─── TASK INPUT ───

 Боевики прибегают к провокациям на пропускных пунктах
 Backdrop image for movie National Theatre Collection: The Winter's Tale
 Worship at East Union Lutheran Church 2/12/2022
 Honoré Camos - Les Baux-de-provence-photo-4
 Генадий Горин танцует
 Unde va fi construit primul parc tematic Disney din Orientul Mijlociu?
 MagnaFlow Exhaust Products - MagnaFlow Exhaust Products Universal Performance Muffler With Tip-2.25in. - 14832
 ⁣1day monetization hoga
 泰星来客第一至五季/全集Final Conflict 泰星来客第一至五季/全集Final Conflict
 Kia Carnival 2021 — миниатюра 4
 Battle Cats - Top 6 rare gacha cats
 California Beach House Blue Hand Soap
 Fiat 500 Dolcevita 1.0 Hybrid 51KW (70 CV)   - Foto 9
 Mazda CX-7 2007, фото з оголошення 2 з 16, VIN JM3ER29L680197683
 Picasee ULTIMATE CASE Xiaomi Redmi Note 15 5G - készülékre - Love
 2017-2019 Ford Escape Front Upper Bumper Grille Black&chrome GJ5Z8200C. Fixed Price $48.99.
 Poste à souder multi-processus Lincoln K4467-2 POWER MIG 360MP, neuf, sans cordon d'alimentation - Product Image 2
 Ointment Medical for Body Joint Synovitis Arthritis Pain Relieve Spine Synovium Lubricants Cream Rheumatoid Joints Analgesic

───

TASK REQUIREMENTS: Reproduce only the lines running from the one that contains "Kia Carnival 2021 — миниатюра 4" to the last line of the records.

EXERCISE RESULT:
 Kia Carnival 2021 — миниатюра 4
 Battle Cats - Top 6 rare gacha cats
 California Beach House Blue Hand Soap
 Fiat 500 Dolcevita 1.0 Hybrid 51KW (70 CV)   - Foto 9
 Mazda CX-7 2007, фото з оголошення 2 з 16, VIN JM3ER29L680197683
 Picasee ULTIMATE CASE Xiaomi Redmi Note 15 5G - készülékre - Love
 2017-2019 Ford Escape Front Upper Bumper Grille Black&chrome GJ5Z8200C. Fixed Price $48.99.
 Poste à souder multi-processus Lincoln K4467-2 POWER MIG 360MP, neuf, sans cordon d'alimentation - Product Image 2
 Ointment Medical for Body Joint Synovitis Arthritis Pain Relieve Spine Synovium Lubricants Cream Rheumatoid Joints Analgesic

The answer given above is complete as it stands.